** What the task asks **
Extract the opening line of the entries and every line after it, stopping at and including the line that contains "As you can see, the". Do not include pictures.

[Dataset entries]
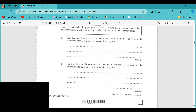The second part of d asks you to list the steps to conduct a spell check on the paragraph using a word processing program. Again, select the program you're using. For Microsoft Word, highlight the paragraph, click Review, then Spelling and Grammar, and click spell check. For some software, once you click Review and Spelling and Grammar, the checks come up automatically.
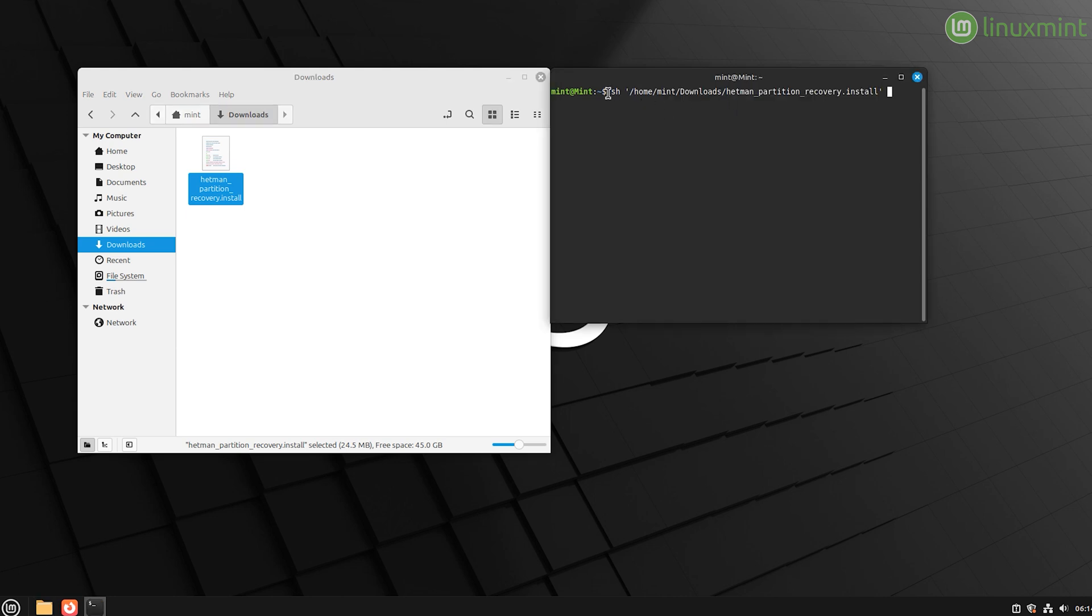As you can see, the file link appears in the terminal. Press Enter. The installation is over.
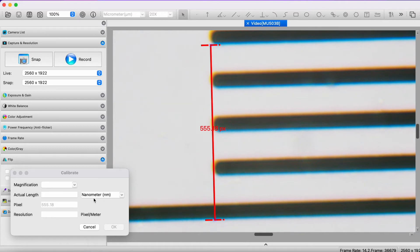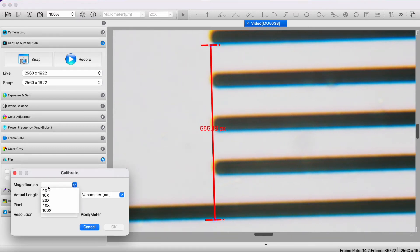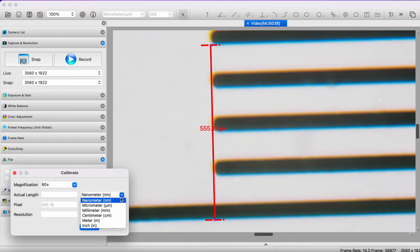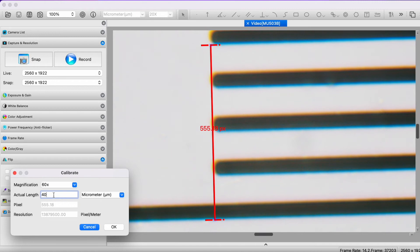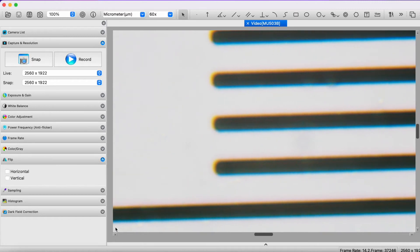Now I'm going to choose the magnification. You'll see it doesn't say 60 times, but all you have to do is enter 60x. Now I'm asked to put in the actual length in microns. The actual length is four divisions, and each division is 10 microns, so I've got 40 microns in length. Click OK, and we're all set.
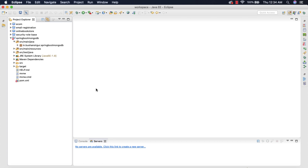Hi! Welcome back to my YouTube channel. In this video, we are going to create a model class and also we are going to create a controller and we are going to test our work. Let's begin.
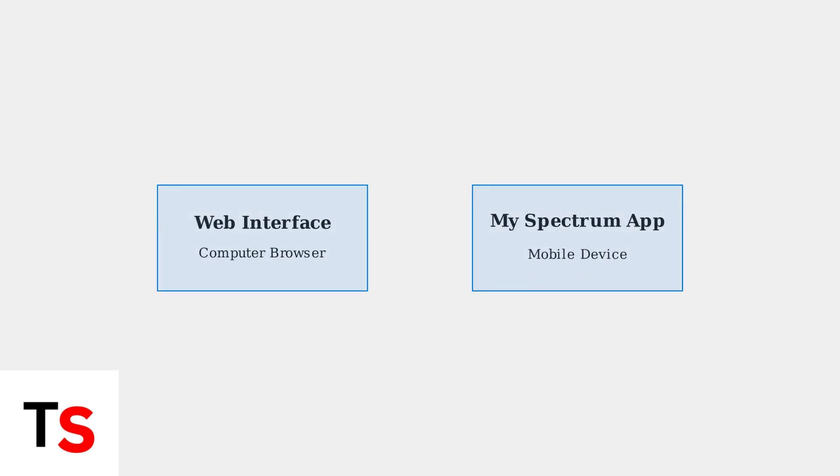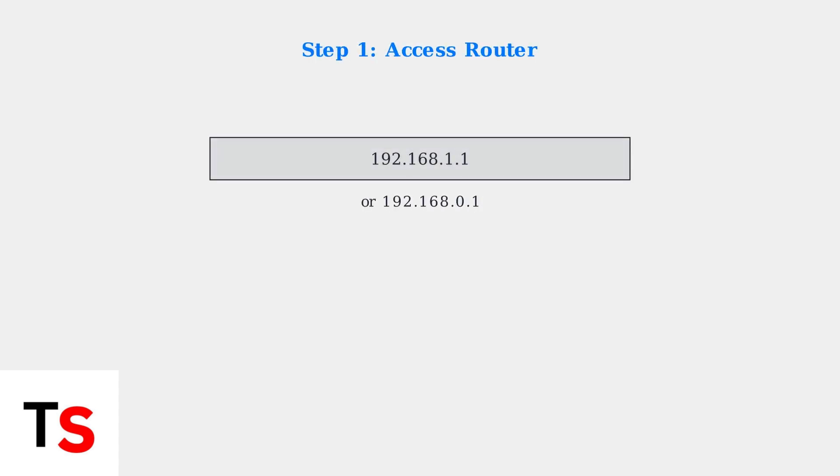There are two main ways to separate your router bands: through the web interface or using the MySpectrum mobile app. We'll cover both methods step by step. For the web interface method, first connect to your router's network.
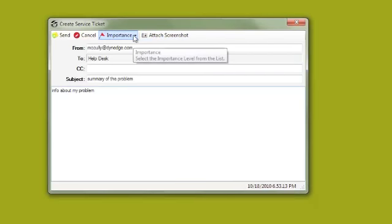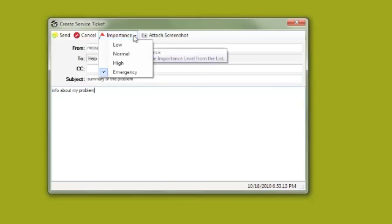You can also indicate the importance of the problem so we know how quickly to respond. Remember, emergencies are responded to within one hour.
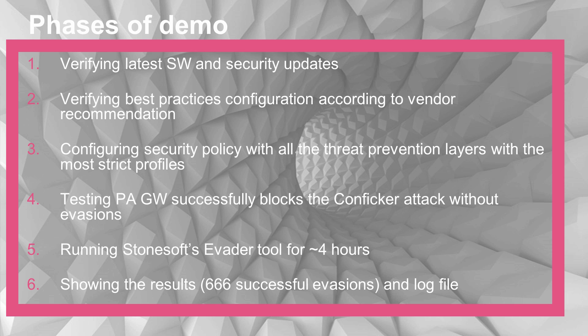The phases of the demo: first, verifying the latest software and security updates; second, verifying best practices configuration according to vendor recommendation; third, configuring security policy with all the threat prevention layers and with the most strict profiles; fourth, testing the Palo Alto gateway successfully blocks the Conficker attack without evasions; then running the Stonesoft Evader tool for a little bit more than four hours; and then showing the results—666 successful evasions and the log file.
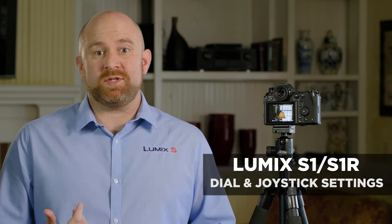The Panasonic S1 and S1R offer three different dials to make adjustments and also offer a joystick. The behavior of these devices can all be customized to your liking.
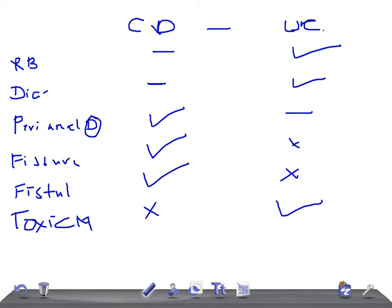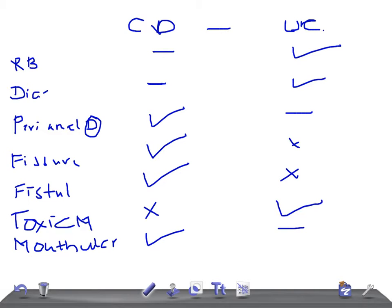Mouth ulceration — where do you see it? In Crohn's disease, and it's very rare in ulcerative colitis. Skip lesions — where do you see those? In Crohn's disease, not in ulcerative colitis.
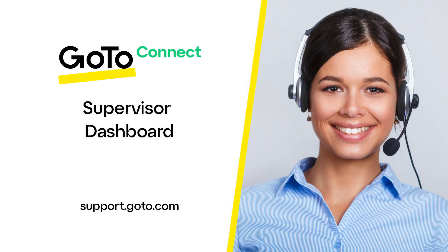Jed here to discuss how to use the Contact Center Supervisor Dashboard in GoTo. This dashboard enables you, as a manager, to understand exactly what is happening with the calls and chats your company receives in real time.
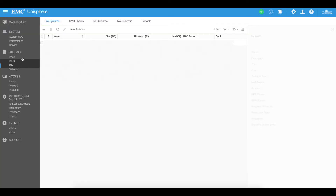Here in the file area under the storage tab on your Unisphere, you can create your particular shares — your SMB shares, your NFS shares, your NAS servers — so that you can essentially create a file system or a fancy file server. It's not a server; it's a file system because it's sitting on a NAS, or network attached storage, that you can create right from within your Unisphere portal.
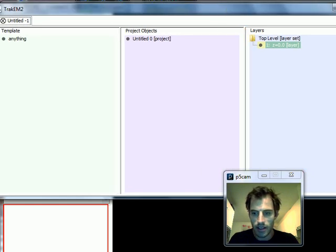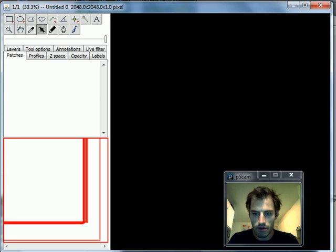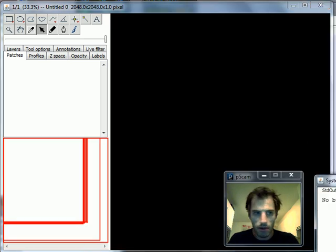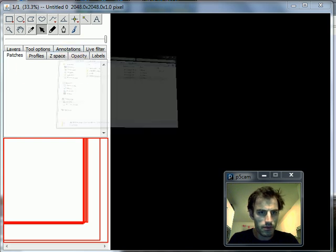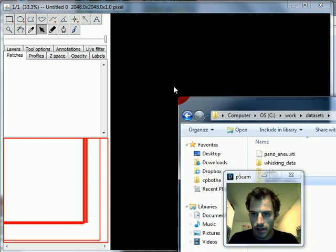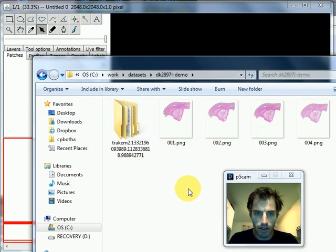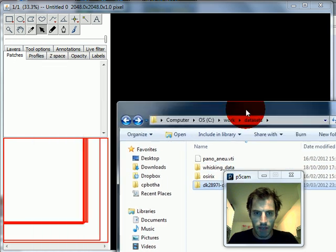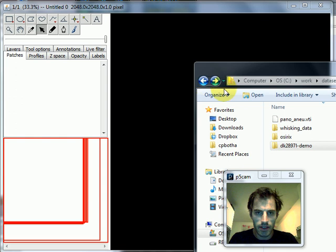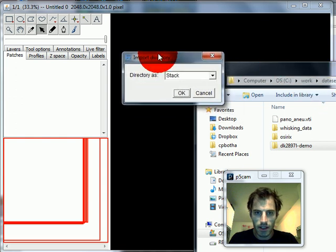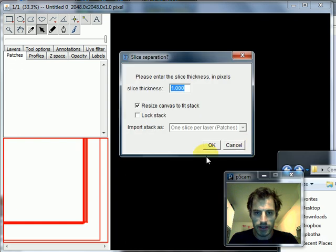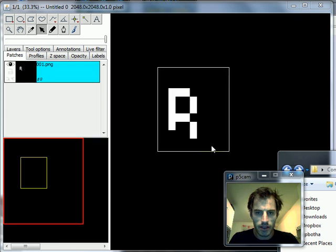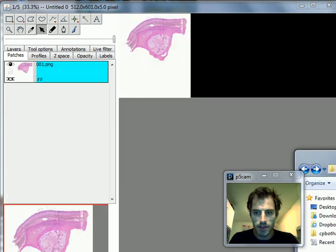To open that I did File > New > TrackEM2 Project. What I'm going to do now—I've prepared over here a small directory of unregistered slices—I'm going to drag that whole directory onto the canvas and tell it to call it 'stack'. It asks me about the slice thickness, I pick the default of one and keep the defaults. So there it loads my data.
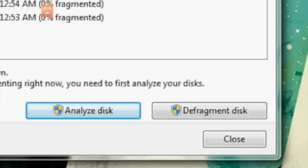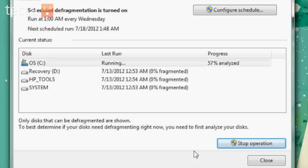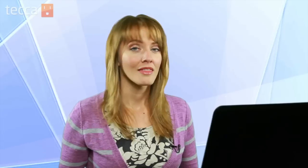So let's click on Defragment Disk now that we've analyzed. It will start analyzing again, but instead of just showing you how much is in need of defragmentation, it will actually defragment your drive and organize those files into a system your computer will be able to access easier.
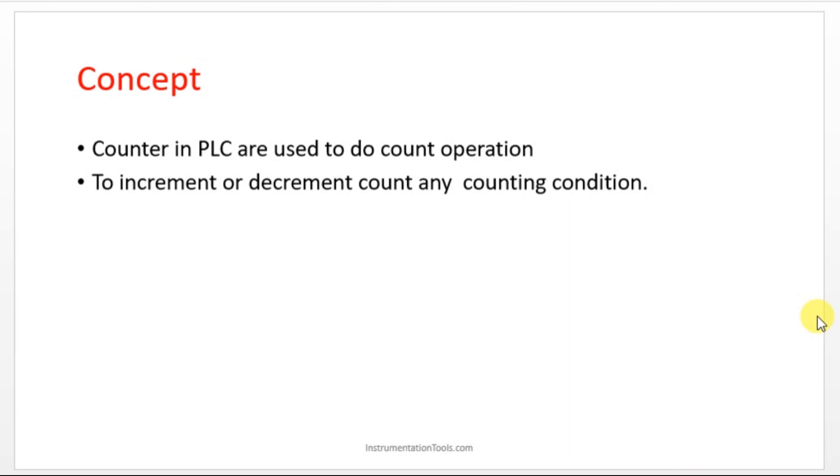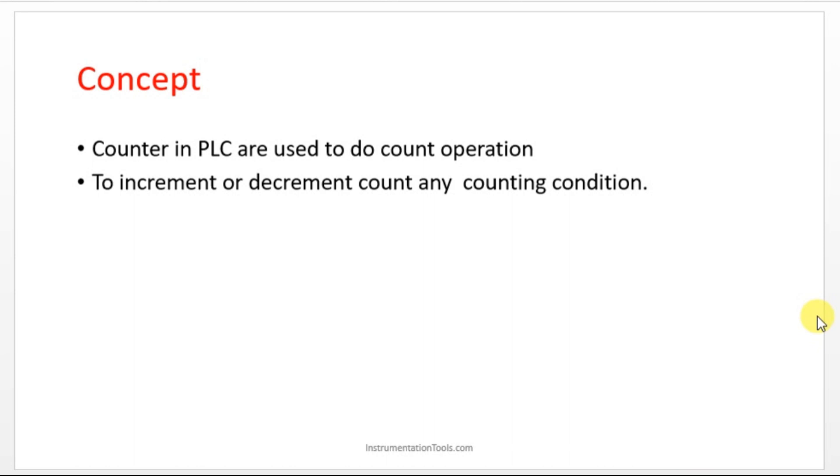The best example I can tell is while packaging in the industry, maybe in the food industry or in some production industry, they want to count the number of components passed in the conveyor. In industry obviously everything is automatic. In a minute there may be thousands of components crossing in the conveyor.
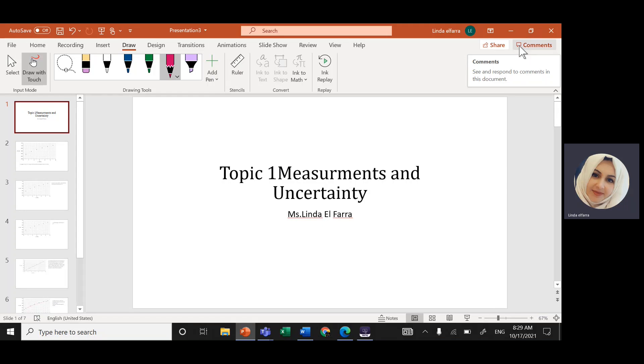Today, insha'Allah, we'll continue solving topic one, measurement and uncertainty, practice problems.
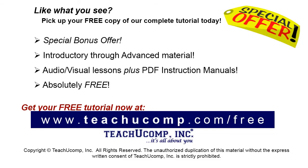Like what you see? Pick up your free copy of the complete tutorial at www.teachucomp.com/free.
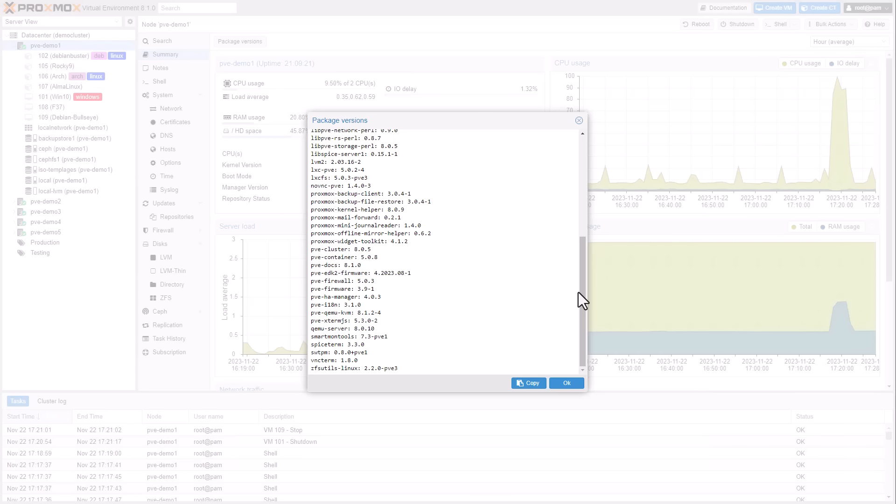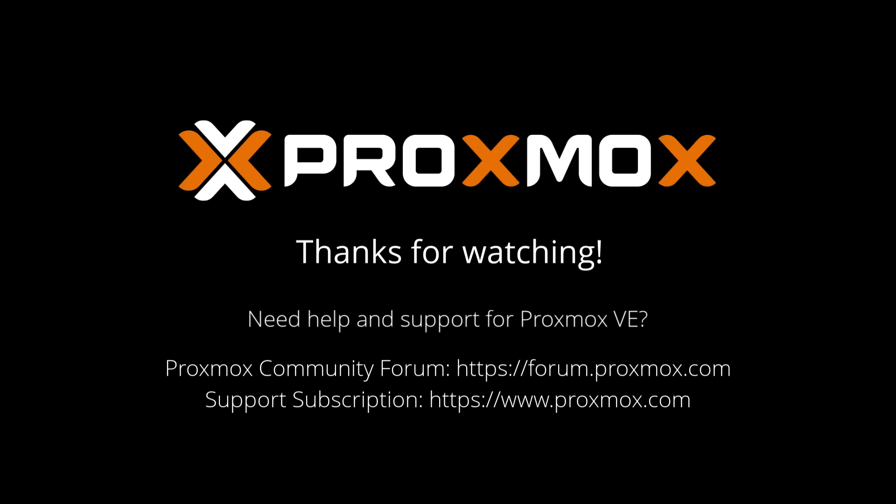We encourage you to explore these new features and provide your feedback to help us further refine and improve Proxmox Virtual Environment. Thank you for watching, and as always, stay tuned for more updates and features in future releases.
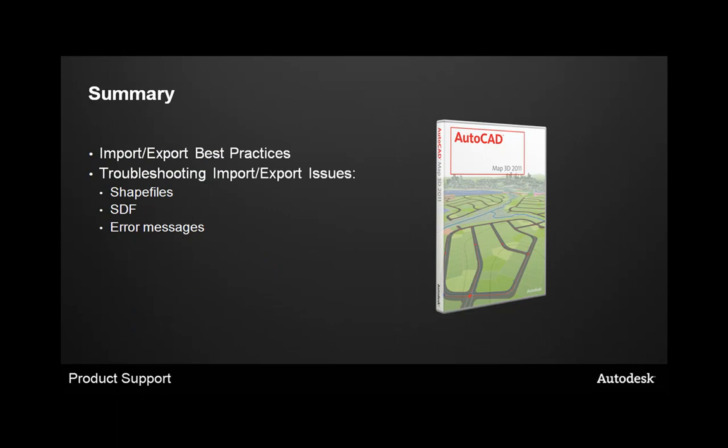So in summary, today we talked about importing and exporting best practices. We also talked about troubleshooting the import and exporting issues specifically for shapefiles, spatial data files or SDF files, and error messages. Thank you.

** Written response **
The second part of d asks you to list the steps to conduct a spell check on the paragraph using a word processing program. Again, select the program you're using. For Microsoft Word, highlight the paragraph, click Review, then Spelling and Grammar, and click spell check. For some software, once you click Review and Spelling and Grammar, the checks come up automatically.
As you can see, the file link appears in the terminal. Press Enter. The installation is over.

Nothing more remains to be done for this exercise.